For some odd reason I have come to prefer the cold weather.  Part of it has to do with the opportunities for photography and some of it feels a bit like revenge.  I grew up in southwestern Pennsylvania and for many years our driveway was two ruts going up the side of a steep hill.  The driveway was long and we shoveled the snow by hand, not a lot of fun.  Now the driveway in Indianapolis is flat (if rather long) and I clean it in the winter with a good snow blower.  There is great satisfaction seeing the snow in front being thrown off to the side leaving a clear path behind it.

There is a spareness to the winter that I find particularly appealing.  Plants, or their remains, which would have gone unnoticed in the crowd of other plants in the summer, now stand by themselves, stripped of that which we call life but nonetheless still beautiful.

If all we see is the dead and withered stems from last year, we also know that there is a root that is awaiting its opportunity to put forth more bounty.  It won’t be long now.

In the meantime, there is winter and its particular beauty.

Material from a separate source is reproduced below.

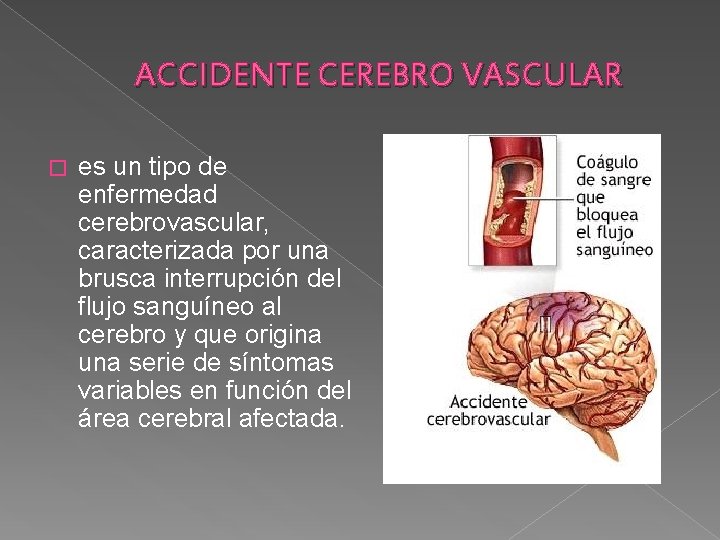 ACCIDENTE CEREBRO VASCULAR � es un tipo de enfermedad cerebrovascular, caracterizada por una brusca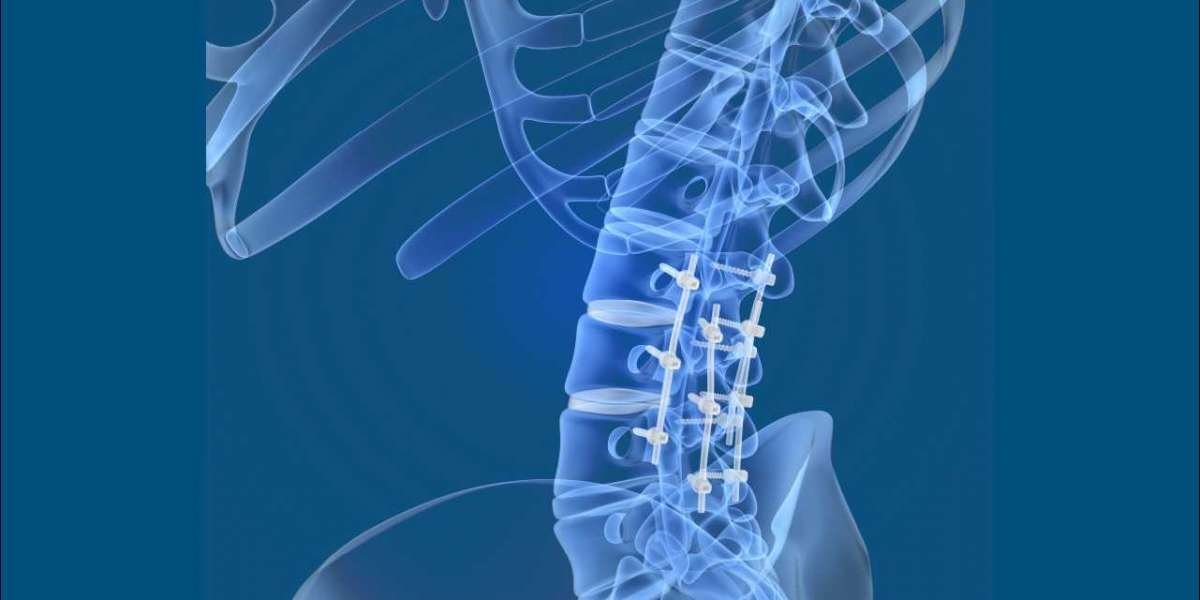 Spine Fixation Market Size, Trends, Scope and Growth Analysis to 2033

Dress warmly and go enjoy it.

The sun came out

I wasn’t sure we would have much sun today and when the clouds disappeared it was clear that it would be a good day to go make some photographs.  It was ‘gloomy’ yesterday but that was also a good day for making photographs.  Today was also a good day for sledding.

I grinned as I tromped through the snow to get to a favorite place for shooting – the only tracks in this patch of snow beside mine belonged to a dog who had come through earlier.   Or maybe it was a coyote.  No humans though.  With a near virgin snow, and it being very quiet,  it is easy to think that this moment is the beginning of time, and according to one way of looking at it, I suppose it is. 

A friend had a baby boy a few days ago and for that young fellow, all things are indeed  new.   This day is a celebration for him and his family.

The day will come when he is sliding down that hillside.  Perhaps he will also see what I saw at Fall Creek.

Happy birthday, Roman.

It is never too late to have a happy childhood.  Tom Robbins

4 to 9 inches of snow predicted

It started snowing in the late morning and has continued throughout the day.  I don’t know how much we will get but the snow blower is gassed up and ready to go.  In the meantime I got an email from my friend Becky saying bad weather = good images.  Sometimes I’m glad Becky lives some distance away, otherwise she would be in my driveway blowing the horn.  I don’t know where she went, I did indeed go out but I stuck to our neighborhood. 

I started by removing the screen in my study window and shooting right there.  This worked pretty well but the view was a bit limited.

A walk down to the corner brought these leaves against the bark:

A little further on these trees showed against the sky:

I do like spring , summer and fall but there is something special about winter.

I just checked with Becky and, weather permitting,  we are going out shooting in the morning.